Ausl Unica: Si può fare? [di Raffaella Sensoli]

Ausl Unica: Si può fare? [di Raffaella Sensoli]

its_alivebannerPuò la Politica avere altro scopo che non sia la soddisfazione della necessità dei cittadini? A leggere i quotidiani sembrerebbe proprio che le alternative a questo semplice compito siano parecchie. Anche oggi, dopo aver assistito per giorni al conto alla rovescia per l’ineluttabile chiusura dell’aeroporto, mi è capitata tra le pagine una notizia che lascerebbe increduli, se non fosse poi che il sentimento predominante è l’indignazione.

Il contestato e controverso Decreto Poletti, quello che dovrebbe rappresentare, secondo i titoli, una disposizione urgente per il rilancio dell’occupazione, ha decretato che vi fosse un’impedimento al rinnovo per ben 86 dei 113 contratti di lavoro a termine dell’Ausl. Buon Natale.
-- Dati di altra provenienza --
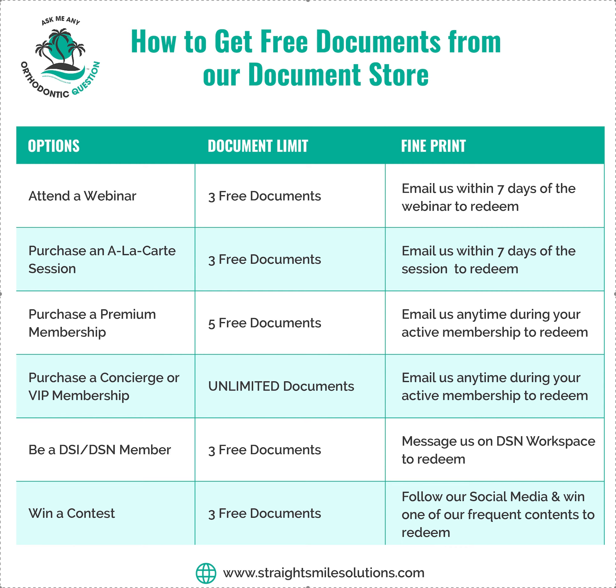Straight Smile Solutions — straightsmilesolutions.com. Let's talk about how to get free stuff. Our documents are really popular. We do have a document store; you can get there by going to our website, Straight Smile Solutions, and then go to Store — it should be there under Document Store.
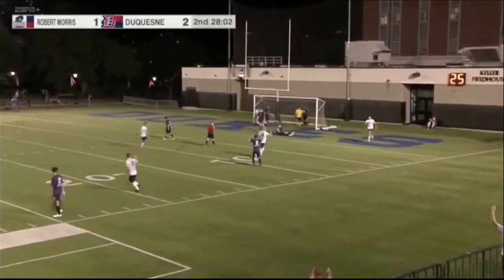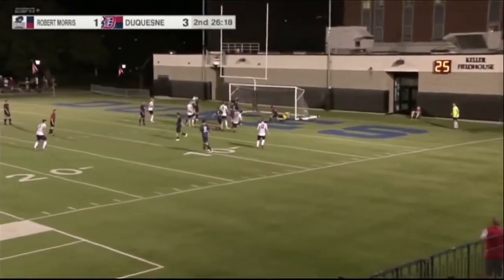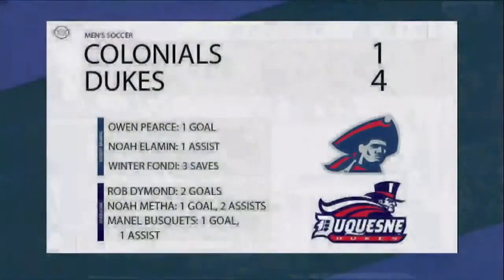Oh, and a goal there by Rob Diamond. Diamond scored two of the goals in the game for Duquesne — the first one and the last one.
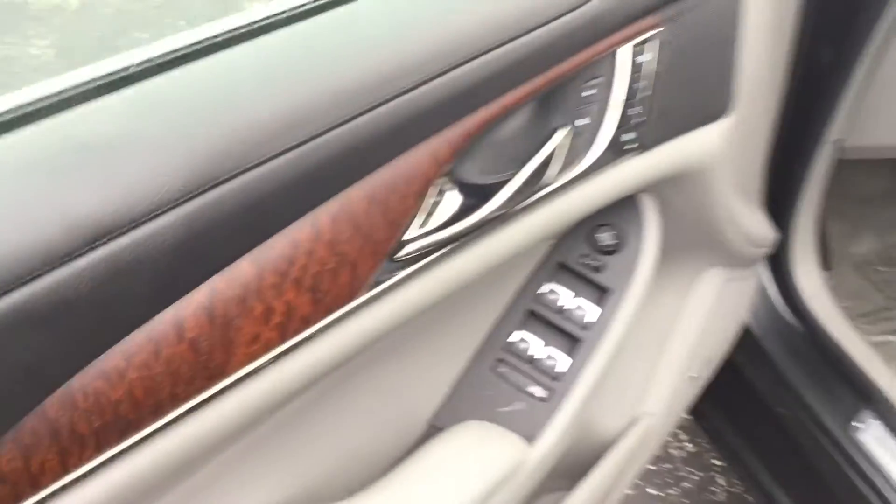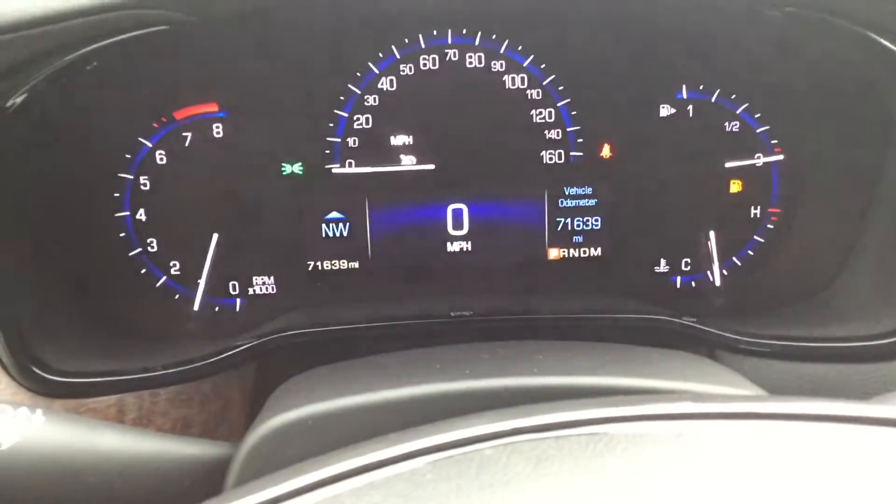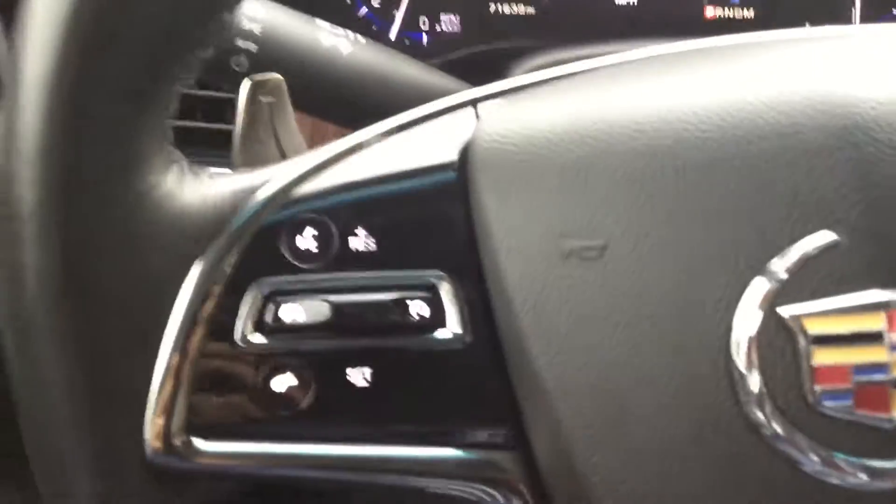Take a look at the inside — meticulously kept. Nice wood grain, plenty of room, Cadillac logo right there. You have an easy-to-read dash with only 71,639 miles. Very low.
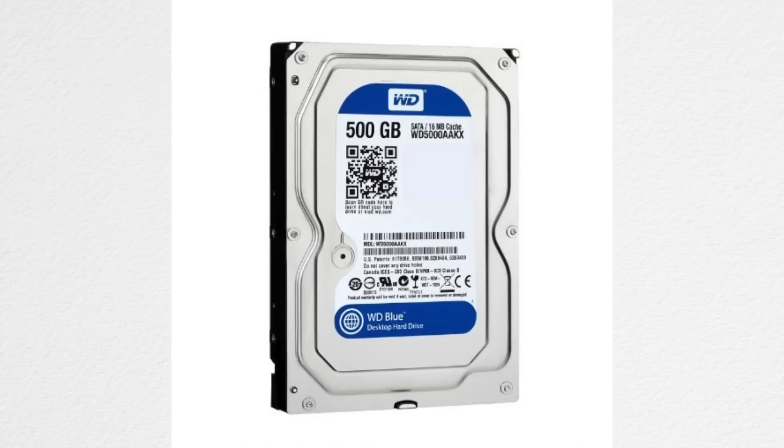For our last main component we have a 500GB Western Digital Caviar Blue — and yes, that is a hard drive. A 500GB hard drive should definitely get the job done, at least for me. Of course you can go bigger if you want to.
Se un cittadino volesse poi fare dei collegamenti interessanti potrebbe recuperare tutte le rassicurazioni spese a piene mani dai dirigenti della Nuova Ausl, che garantivano un passaggio indolore per i posti di lavori. A dire la verità il Direttore Generale alla Sanità in Regione, Dott. Tiziano Corradori, e Direttore Generale del Personale, Dott. Lorenzo Broccoli, ancora le danno queste rassicurazioni.

La domanda che sorge spontanea è: ma questi lavoratori servivano o no? Perché è vero che il contratto era a termine, ma eliminarne il 70% non è proprio una piccola messa a punto. Sbaglierò, ma mi sembra di ricordare che l’Area Vasta doveva servire per diminuire i dirigenti, non i lavoratori. Come al solito i meno garantiti sono quelli che la politica dovrebbe proteggere. Poi dice che non vota più nessuno.